Minneapolis — Crazy, crazy night for the Tigers Thursday.
They charged back after trailing 8-2 in the second inning and got within a run after the fifth — but the Twins sent 12 batters to the plate in a seven-run sixth and put the Tigers to rout, 15-8.
It wasn’t tense or particularly well-played, but it wasn’t devoid of action. The Tigers bashed four home runs, including going back-to-back for the first time this season. The Twins countered with three home runs and 15 hits. The Tigers also made three errors, which contributed to five unearned runs.
But the clubhouse stayed closed to the media for nearly 30 minutes afterward, as general manager Al Avila and Gardenhire tried to figure a way to get a fresh pitching arm or two to Minneapolis before the game Friday night.
It's not looking likely.
"We were having conversations," Gardenhire said. "Trying to figure out how to get through these next three days before the day off on Monday. It's going to be dicey. We need our starter to get into the second half of the game (Friday).
"That would be great. If not, I might be pitching."
The Tigers bullpen was taxed coming into the game, working 20 1/3 innings collectively over the previous five days. And that was before Francisco Liriano lasted just 1 2/3 innings Thursday.
He gave up eight runs (four earned) on five hits and three walks.
"He just didn't make any pitches," Gardenhire said. "They were on him pretty good. They were swinging early, kind of ambushing him a little bit and he never got into any kind of a rhythm. They didn't allow him."

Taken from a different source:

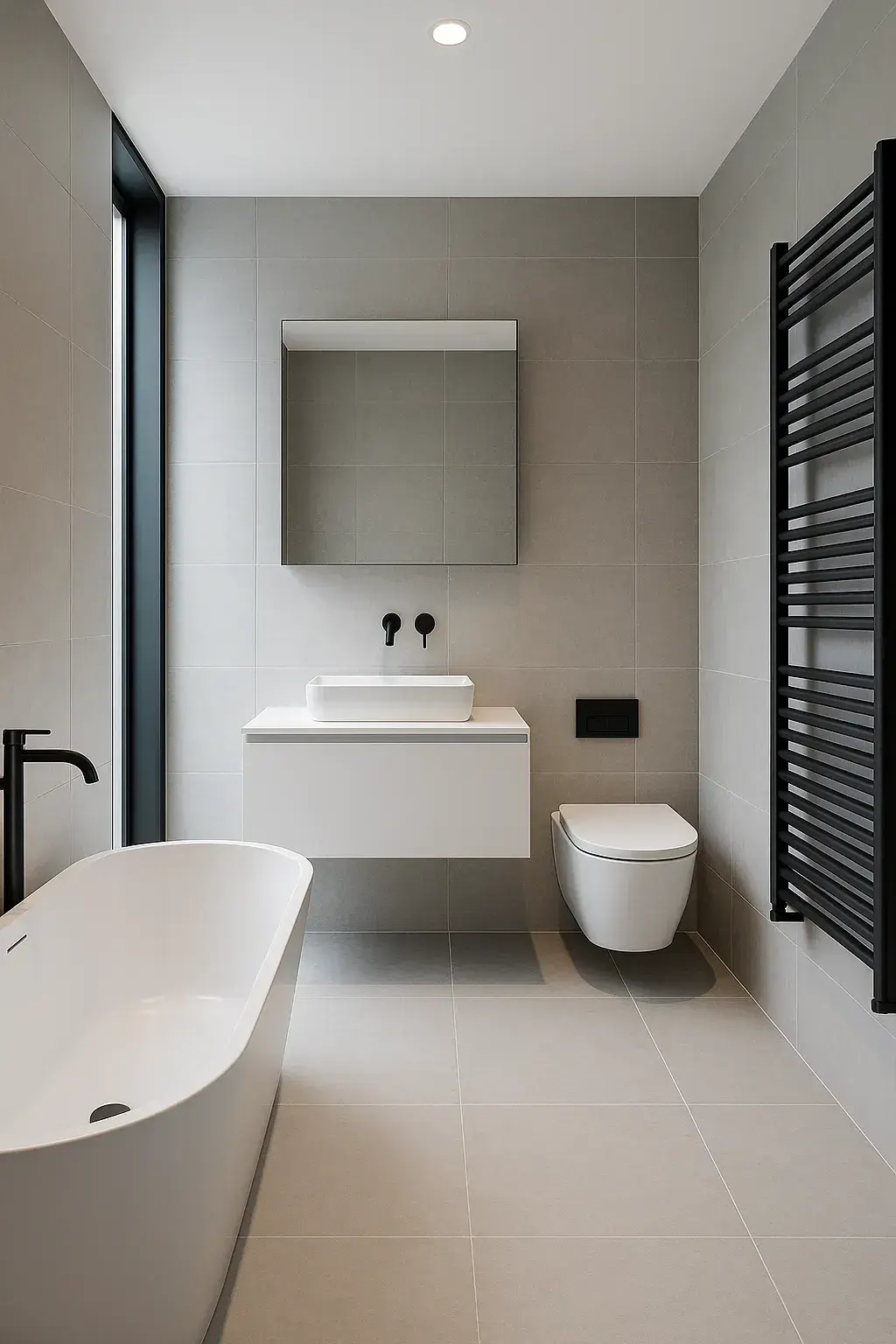 Bright luxury bathroom with tub, sink and mirror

Here's the domino effect from yet another short start: The Tigers are going to need to call up a starting pitcher from Toledo for Saturday night to plug in for the injured Artie Lewicki (elbow). Although nothing has been made official, left-hander Ryan Carpenter is expected to be that guy.
After the bullpen worked another 6 1/3 innings Thursday, they’d probably like to bring up at least one other fresh arm. But that would require some tricky roster alterations. So, it appears the Tigers are going to roll the dice hoping starter Matthew Boyd can give them six or seven innings Friday.
"We need a starter to go deep, that's really it," Gardenhire said.
And to think it started so joyously for the Tigers.
Nick Castellanos hit a low-flying missile into the bullpen in left. It was his 18th of the season, a two-run shot off Twins starter Ervin Santana. It left his bat with an exit velocity of 105 mph and traveled 398 feet.
Better still, his bat flip — he flipped it with his left hand behind him — was caught by home plate umpire Manny Gonzalez.
"I had just put pine tar on my hand and the bat got stuck when I went to spin around," Castellanos said. "I did it by accident."
In Castellanos' next at-bat, Santana threw a 91-mph fastball over his head. The Tigers bench got up on the first step, yelling out at Santana. Castellanos stared him down, too.
"I don't know," he said, when asked if he thought Santana threw at him. "He said he wasn't."
Gardenhire, who managed Santana in Minnesota, didn't think he threw at him.
"It was a wake-up call for us, but I don't believe he threw the ball at him," he said. "He's coming off a finger injury, we all know that. That ball just got away. It did wake up the dugout a little bit."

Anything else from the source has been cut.